Crawling
Crawl mode lets you systematically browse and extract content from multiple pages of a website starting from a single URL.
Options
You can customize the extraction process with the following options:
- AI Refinement: Uses a generative AI model to clean up the extracted Markdown. This can help fix formatting issues, remove redundant whitespace, and improve overall readability.
- No Cache Mode: Forces the scraper to re-fetch the content from the website, ignoring any previously cached versions.
- Custom Body Selector: Specify a CSS selector (e.g.,
main,#content,.article-body) to target a specific part of the page for extraction. This is useful for noisy pages where you only want the main content.
Crawl-Specific Options
- Crawl Max Pages: Limits the total number of pages the crawler will process.
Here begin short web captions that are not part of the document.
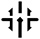 wb logo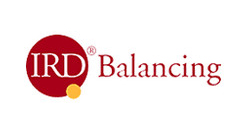 IRD BALANCING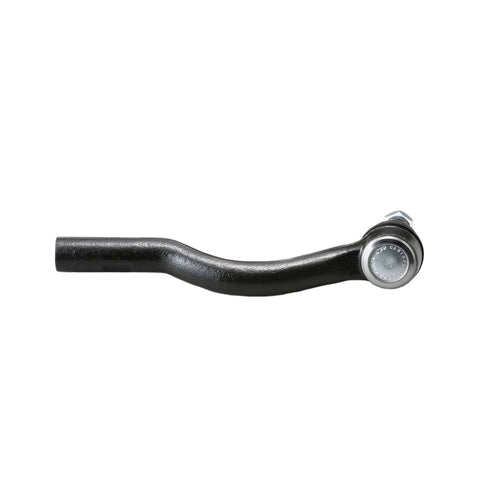 CTR Tie Rod End CET-95 / CE0715 / SE-3521L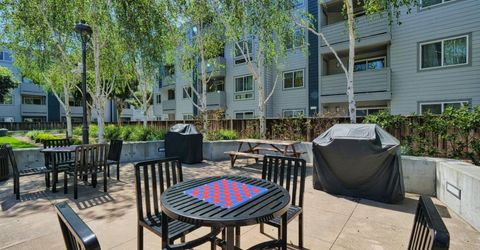 6400 Christie Ave #2304, Unit 2304, Emeryville, CA 94608 Photo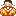 Inpatient male icon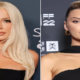 Tana Mongeau and Alissa Violet Have Sparked a Feud on TikTok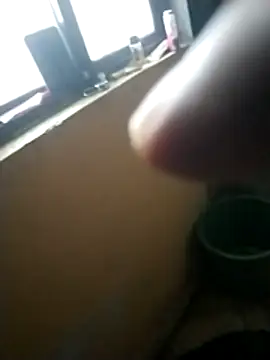 Opsquad12345 online show from November 2025 09:17:02 AM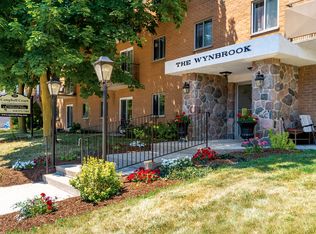 Wynbrook, Stratford, ON N5A 7H8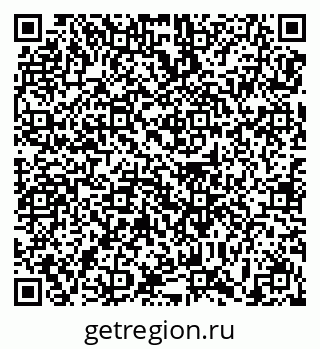 79639178378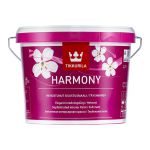 Tikkurila Harmony 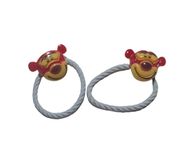 main image for ad Hairbands / Hair Ties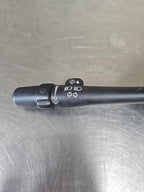 Combination Switch BUICK LACROSSE 05 06 07 08 09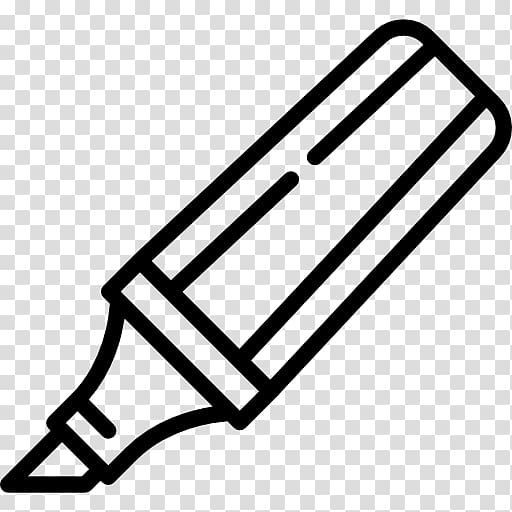 Pencil Drawing Marker pen , pencil transparent background PNG clipart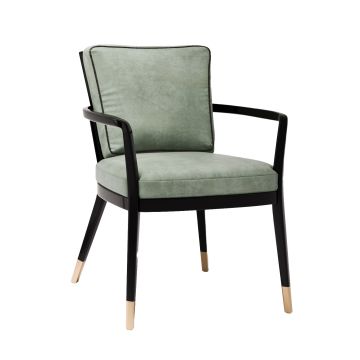 Medea 1905 Flora chair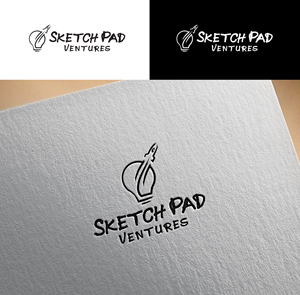 Logo Design by Endyy  for this project | Design: #36778332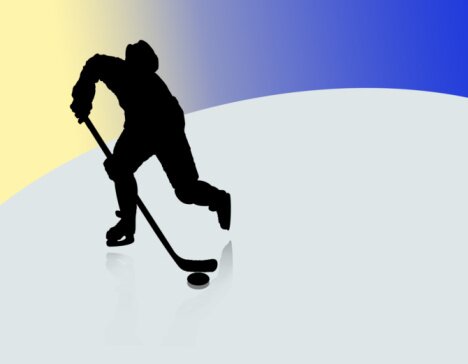 Сборная России вышла в финал МЧМ | Фото: Thinkstock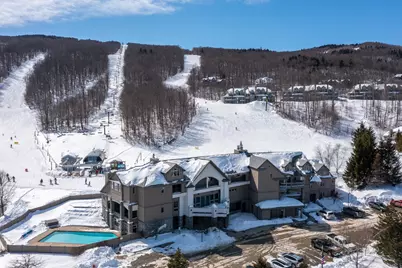 62 Moon Shadow Drive #M4 &amp; M5, Ludlow, VT 05149 - Photo 57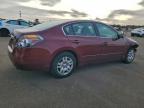Lot #3308377344 2010 NISSAN ALTIMA BAS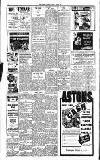 Cheshire Observer Saturday 20 June 1942 Page 2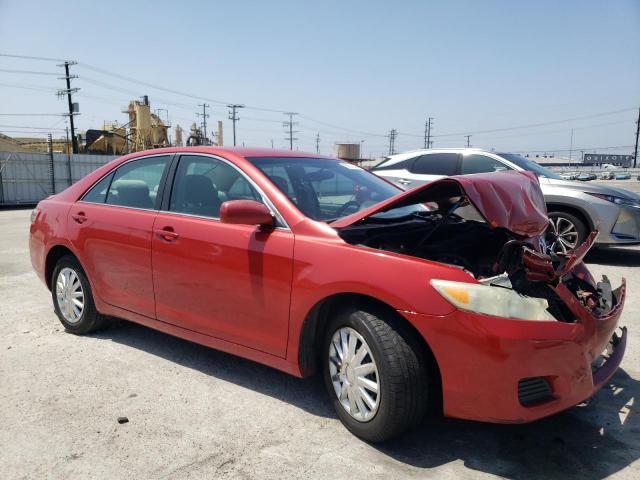 Vin: 4t4bf3ek9br090202, lot: 58531844, toyota camry base 20114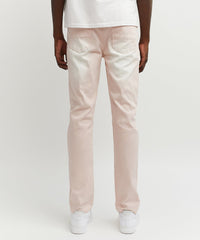 Thumbnail for Bradley Denim Jeans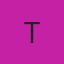 Testing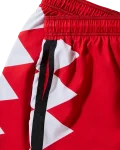 H20 FLOW SWIM SHORT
- Crawl Depth: Defines how many "clicks" away from the starting page the crawler is allowed to go. A depth of 1 will only crawl pages directly linked from the start page.
Results
After an extraction job is complete, the results are displayed in a tabbed interface.
- URL List: Shows a list of all processed URLs and their status. You can click on any URL to view its content.
- Preview: Renders the extracted Markdown as formatted text, giving you a clean reading experience.
- Code: Shows the raw Markdown code, which you can easily copy.
You can use the Copy and Download buttons to save the content of the currently viewed result.